Jakarta, Aktual.com – Defisit anggaran yang mendekati ambang batas 3 persen dalam APBN, membuat banyak pihak merasa prihatin dengan keadaan ekonomi nasional. Ketidakmampuan pemerintah memberi subsidi kepada rakyat miskin, secara nyata telah melanggar ketentuan perundang-undangan.

Dalam keadaan seperti ini, Presiden Joko Widodo telah mengeluarkan instruksi Presiden Nomor 4 Tahun 2017 agar Kementerian dan Lembaga memotong anggaran belanja pada APBN-P 2017.

Namun Indonesian Resources Studies (IRESS) merasa apa yang dilakukan Presiden hanyalah sikap yang egois dan tidak menunjukan keteladanan, pasalnya dengan pemotongan anggaran di Kementerian dan Lembaga, berimbas negatif pada belanja publik, sementara Presiden Joko Widodo sendiri tidak melakukan efisiensi dan selalu melakukan kegaiatan seremoni pencitraan.

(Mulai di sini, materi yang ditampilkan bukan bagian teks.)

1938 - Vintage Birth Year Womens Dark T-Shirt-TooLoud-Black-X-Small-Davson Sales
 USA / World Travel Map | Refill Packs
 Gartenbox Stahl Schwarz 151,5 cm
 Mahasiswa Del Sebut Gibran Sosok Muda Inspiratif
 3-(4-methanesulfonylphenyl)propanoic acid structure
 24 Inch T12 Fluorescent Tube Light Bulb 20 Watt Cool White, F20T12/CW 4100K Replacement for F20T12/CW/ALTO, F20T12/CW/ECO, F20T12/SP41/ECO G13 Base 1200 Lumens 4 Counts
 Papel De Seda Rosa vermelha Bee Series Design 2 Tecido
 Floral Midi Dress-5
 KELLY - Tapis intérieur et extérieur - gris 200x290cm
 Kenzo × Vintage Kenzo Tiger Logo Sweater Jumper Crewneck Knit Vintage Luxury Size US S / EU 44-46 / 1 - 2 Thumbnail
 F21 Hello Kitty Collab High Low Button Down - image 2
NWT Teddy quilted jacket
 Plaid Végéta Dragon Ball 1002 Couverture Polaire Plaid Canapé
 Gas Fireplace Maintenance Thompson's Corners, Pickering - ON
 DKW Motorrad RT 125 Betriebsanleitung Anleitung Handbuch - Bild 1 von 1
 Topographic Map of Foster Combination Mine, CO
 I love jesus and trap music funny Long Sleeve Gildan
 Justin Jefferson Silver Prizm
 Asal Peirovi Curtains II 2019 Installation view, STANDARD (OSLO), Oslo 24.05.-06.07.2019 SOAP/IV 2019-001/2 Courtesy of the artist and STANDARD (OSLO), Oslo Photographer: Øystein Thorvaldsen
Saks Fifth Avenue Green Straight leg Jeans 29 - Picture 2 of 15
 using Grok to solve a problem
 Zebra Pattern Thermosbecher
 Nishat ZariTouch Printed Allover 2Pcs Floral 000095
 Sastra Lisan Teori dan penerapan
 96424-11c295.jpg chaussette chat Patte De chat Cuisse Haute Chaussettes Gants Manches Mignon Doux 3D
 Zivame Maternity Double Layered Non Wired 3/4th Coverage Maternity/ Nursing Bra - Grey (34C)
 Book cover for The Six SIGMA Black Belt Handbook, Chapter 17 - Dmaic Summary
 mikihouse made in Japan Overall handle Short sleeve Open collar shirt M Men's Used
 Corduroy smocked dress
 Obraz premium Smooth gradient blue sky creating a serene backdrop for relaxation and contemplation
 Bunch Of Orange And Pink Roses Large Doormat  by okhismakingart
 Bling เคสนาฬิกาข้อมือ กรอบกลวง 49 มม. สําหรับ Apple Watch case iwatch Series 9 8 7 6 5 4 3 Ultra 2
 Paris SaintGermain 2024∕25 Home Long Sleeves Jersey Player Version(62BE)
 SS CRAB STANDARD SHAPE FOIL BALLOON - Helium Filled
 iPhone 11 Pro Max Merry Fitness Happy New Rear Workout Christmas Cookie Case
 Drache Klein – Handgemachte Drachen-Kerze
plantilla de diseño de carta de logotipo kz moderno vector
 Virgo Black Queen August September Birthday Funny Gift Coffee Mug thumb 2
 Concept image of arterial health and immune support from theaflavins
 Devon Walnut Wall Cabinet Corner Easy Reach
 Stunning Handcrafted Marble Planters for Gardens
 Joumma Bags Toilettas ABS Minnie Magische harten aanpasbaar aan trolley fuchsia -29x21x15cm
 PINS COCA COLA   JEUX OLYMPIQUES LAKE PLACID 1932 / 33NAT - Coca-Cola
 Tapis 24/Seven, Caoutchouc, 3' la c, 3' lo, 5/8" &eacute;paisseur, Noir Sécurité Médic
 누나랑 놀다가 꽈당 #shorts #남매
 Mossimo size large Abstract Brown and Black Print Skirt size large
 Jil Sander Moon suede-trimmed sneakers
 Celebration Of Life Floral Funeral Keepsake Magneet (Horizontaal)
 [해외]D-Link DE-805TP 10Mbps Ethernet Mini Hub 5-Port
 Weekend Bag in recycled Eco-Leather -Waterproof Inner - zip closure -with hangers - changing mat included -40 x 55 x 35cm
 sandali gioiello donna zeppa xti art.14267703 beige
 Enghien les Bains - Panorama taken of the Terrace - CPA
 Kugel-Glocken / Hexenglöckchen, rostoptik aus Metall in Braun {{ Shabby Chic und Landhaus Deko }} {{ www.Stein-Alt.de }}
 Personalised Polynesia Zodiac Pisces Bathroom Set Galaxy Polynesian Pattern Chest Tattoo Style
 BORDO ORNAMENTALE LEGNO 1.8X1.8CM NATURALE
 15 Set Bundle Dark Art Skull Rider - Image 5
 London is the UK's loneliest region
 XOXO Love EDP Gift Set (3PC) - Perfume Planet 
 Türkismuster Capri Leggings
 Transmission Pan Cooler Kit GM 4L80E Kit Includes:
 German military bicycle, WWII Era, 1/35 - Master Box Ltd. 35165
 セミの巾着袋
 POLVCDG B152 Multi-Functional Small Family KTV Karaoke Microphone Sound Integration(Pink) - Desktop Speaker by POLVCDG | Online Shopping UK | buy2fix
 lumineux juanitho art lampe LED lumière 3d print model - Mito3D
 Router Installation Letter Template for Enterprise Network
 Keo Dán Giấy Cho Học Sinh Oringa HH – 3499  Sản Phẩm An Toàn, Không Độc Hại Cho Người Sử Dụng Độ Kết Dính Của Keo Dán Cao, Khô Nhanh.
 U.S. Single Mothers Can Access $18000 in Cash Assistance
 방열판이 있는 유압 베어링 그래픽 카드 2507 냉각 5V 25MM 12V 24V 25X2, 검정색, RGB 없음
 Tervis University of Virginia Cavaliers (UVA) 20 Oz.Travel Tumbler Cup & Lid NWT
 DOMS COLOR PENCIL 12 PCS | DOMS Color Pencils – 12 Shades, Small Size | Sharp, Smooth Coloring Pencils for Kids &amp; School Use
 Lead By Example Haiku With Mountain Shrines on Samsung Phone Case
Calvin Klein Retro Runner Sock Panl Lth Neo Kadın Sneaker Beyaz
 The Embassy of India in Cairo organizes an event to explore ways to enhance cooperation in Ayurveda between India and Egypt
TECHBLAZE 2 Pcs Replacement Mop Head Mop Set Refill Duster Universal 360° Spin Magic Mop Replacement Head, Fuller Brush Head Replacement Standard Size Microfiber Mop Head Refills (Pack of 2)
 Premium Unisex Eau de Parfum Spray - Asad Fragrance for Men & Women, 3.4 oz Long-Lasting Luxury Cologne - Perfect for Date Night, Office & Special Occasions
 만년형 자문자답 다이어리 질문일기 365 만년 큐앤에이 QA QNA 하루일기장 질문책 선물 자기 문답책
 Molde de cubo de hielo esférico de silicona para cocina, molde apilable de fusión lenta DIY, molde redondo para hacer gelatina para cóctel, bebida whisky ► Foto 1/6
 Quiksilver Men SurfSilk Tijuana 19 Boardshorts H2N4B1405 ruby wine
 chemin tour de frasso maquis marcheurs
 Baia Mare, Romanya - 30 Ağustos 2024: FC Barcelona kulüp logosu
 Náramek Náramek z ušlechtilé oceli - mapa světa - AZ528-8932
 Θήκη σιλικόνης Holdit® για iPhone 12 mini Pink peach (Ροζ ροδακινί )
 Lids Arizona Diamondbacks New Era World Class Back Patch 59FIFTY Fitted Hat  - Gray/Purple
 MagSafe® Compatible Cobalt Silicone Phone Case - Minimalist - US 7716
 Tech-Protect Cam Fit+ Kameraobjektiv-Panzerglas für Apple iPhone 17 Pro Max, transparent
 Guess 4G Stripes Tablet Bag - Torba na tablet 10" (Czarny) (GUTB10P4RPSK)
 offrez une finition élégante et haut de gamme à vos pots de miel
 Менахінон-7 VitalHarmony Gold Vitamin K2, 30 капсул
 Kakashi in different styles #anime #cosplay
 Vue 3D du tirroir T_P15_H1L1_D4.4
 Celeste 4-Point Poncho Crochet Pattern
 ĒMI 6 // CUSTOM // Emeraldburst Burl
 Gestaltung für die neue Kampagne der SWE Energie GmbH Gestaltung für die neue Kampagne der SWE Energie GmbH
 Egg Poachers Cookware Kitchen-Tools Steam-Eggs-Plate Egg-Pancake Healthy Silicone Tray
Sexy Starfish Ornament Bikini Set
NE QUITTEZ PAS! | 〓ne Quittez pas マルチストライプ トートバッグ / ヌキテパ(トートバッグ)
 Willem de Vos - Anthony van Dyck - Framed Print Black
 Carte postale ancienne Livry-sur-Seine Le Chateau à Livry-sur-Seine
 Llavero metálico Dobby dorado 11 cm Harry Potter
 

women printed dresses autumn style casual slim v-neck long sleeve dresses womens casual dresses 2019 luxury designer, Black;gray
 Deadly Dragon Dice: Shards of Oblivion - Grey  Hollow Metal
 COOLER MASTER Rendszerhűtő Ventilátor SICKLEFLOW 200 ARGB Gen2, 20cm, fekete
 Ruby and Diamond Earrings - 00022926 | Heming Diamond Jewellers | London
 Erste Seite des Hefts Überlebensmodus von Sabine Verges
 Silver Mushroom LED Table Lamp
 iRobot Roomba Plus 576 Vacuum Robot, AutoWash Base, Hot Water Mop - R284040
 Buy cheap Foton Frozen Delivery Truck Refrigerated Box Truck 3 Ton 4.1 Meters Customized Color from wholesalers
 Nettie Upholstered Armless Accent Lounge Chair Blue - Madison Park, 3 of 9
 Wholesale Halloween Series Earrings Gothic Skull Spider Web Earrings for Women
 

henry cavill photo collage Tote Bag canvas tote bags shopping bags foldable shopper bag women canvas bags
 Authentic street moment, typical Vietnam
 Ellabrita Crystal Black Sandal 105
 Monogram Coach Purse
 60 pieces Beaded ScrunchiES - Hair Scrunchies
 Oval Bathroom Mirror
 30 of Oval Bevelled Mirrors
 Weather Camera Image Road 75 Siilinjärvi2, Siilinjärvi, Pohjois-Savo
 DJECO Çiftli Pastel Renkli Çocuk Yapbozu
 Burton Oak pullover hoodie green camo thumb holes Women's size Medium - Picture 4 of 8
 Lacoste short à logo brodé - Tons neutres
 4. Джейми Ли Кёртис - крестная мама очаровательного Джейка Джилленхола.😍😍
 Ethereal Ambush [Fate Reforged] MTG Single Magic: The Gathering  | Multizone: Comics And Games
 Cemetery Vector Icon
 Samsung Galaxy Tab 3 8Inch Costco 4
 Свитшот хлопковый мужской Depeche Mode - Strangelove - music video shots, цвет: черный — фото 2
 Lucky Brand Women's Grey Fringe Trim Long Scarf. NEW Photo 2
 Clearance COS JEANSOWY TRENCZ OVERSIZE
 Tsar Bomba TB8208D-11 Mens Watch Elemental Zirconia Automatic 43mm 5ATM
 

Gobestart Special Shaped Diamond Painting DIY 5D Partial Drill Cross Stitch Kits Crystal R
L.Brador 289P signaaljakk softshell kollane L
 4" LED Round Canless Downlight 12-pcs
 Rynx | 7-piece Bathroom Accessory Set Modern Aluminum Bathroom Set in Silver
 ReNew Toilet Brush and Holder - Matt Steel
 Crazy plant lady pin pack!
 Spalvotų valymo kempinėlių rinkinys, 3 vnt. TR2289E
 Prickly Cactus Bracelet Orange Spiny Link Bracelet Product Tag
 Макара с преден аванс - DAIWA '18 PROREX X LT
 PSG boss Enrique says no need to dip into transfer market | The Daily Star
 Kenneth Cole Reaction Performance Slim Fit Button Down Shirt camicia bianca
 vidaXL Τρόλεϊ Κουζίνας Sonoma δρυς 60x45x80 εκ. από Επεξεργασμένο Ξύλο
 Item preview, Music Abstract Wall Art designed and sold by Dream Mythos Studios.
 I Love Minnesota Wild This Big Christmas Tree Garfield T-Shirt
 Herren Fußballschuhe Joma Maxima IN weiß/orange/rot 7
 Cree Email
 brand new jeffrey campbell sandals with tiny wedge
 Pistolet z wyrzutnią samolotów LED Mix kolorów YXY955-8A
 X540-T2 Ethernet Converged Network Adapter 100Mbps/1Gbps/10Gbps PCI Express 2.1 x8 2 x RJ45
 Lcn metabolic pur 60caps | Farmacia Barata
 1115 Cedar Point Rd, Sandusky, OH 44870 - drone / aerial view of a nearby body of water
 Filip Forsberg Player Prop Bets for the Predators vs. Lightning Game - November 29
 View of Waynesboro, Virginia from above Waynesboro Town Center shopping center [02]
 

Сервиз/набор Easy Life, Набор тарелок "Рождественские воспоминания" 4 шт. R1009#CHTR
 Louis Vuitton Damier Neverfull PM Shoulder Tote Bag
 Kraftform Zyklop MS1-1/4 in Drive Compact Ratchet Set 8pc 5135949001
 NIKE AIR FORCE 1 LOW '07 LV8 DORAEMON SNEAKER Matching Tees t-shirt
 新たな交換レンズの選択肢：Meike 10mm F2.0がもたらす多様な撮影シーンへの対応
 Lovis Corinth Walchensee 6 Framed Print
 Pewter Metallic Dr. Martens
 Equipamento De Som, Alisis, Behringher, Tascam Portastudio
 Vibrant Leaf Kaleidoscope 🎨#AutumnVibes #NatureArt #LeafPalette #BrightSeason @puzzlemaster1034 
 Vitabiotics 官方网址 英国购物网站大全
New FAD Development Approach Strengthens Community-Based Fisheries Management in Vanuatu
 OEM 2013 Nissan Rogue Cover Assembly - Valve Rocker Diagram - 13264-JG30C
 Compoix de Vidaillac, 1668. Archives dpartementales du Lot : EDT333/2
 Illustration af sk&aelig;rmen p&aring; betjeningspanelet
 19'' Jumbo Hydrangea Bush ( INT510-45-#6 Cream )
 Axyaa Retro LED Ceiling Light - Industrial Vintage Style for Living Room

“Presiden jangan terlalu banyak blusukan. Rapat itu di Jakarta saja, jangan bolak-balik ke Istana Bogor. Kalau rapat dengan berapa orang menteri dan menterinya ternyata bawa orang juga, itukan biaya,” kata Direktur IRESS, Marwan Batubara kepada Aktual.com, Senin (31/7).

“Presiden harus memberi contoh efiesnsi, dengan dia memberi contoh maka dia punya wibawa untuk memotong anggaran kementerian dan daerah,” tegas dia.

Sebagaimana diketahui, sulitnya keuangan negara membuat kebijakan fiskal menjadi ketat. Bahkan pemerintah tidak sanggup memberi subsidi listrik 900 VA kepada 2,44 juta pelanggan rumah tangga yang secara jelas telah diakui oleh pemerintah bahwa mereka memang merupakan masyrakat miskin.

Sebelumnya Kementerian ESDM dan Komisi VII DPR telah sepakat untuk menganggarkan 2.44 juta ini kedalam RAPBN-P, namun dalam bahasan Kementerian Keuangan dan Banggar, ternyata alokasi itu dicore dari APBN-P 2017.

Tidak hanya itu, pemerintah juga belum sanggup membayar hutang hampir mencapai Rp40 triliun kepada PT Pertamina (Persero), akibatnya perusahaan plat merah itu mengurangi suplai Premium ke berbagai SPBU di penjuru tanah air.